LSD is a breakthrough in the art of expression. The hand-held camera view is just one part of the whole deal. The other, infinitely weightier, ingredient here is its clever subtext of social commentary. This LSD does while it lays bare a frightening emotional fabric of society - comprising shallowness, volatility and amorality all joining hands to build up to an alarming crescendo.
This digitally shot movie comprises 3 brief stories told one after another, captured by a hand-held camera, a closed-circuit TV camera and a spy cam, respectively. These sub-plots converge at unexpected points in time and space - this is one of the features that evokes admiration for the hand that helmed this flick.
Spoofs of DDLJ
inaugurate the proceedings, because the protagonist of the first story is an aspiring director and fan of Aditya Chopra. This story is about his young innocent love with his heroine, a love that headily and rashly rushes into marriage because of fear of the girl's roughneck father. Their affair eventually has sad consequences.

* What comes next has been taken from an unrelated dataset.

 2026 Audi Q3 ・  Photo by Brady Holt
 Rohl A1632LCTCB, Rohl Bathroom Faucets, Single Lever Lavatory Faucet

The second sub-plot is a drama around the socially relevant issue of surreptitiously shot pictures of nude women, set in a 24x7 department store with security cameras. The third story is about a rejected and aspiring singer seeking revenge on a top pop star (real-life references here cannot be missed), by way of a "sting operation", which she does through a defeated ex-Tehelka operator.
For the curious, sleaze is not part of LSD's visuals - just part of its critique - except for one "explicitly blurred" scene of the actual act of sex. However, otherwise there is a high amount of suggestive sexual content, and plenty of profanity being hurled about, seeing as the protagonists are all people with mercurial temperaments and quick-fix sensibilities, caught in agitated circumstances; and seeing as they mostly don't know there's a camera around.
Human depravity watched through a little hidden camera looks all the more immoral, and so, whenever there's a "naughty" dialogue or scene that brings out sniggers, the mirth eventually dies down when the gravity of the situation hardens. LSD has just such a perspective, and there are also indignant references to the injustice that the real-life enterprise Tehelka faced post its blockbuster sting.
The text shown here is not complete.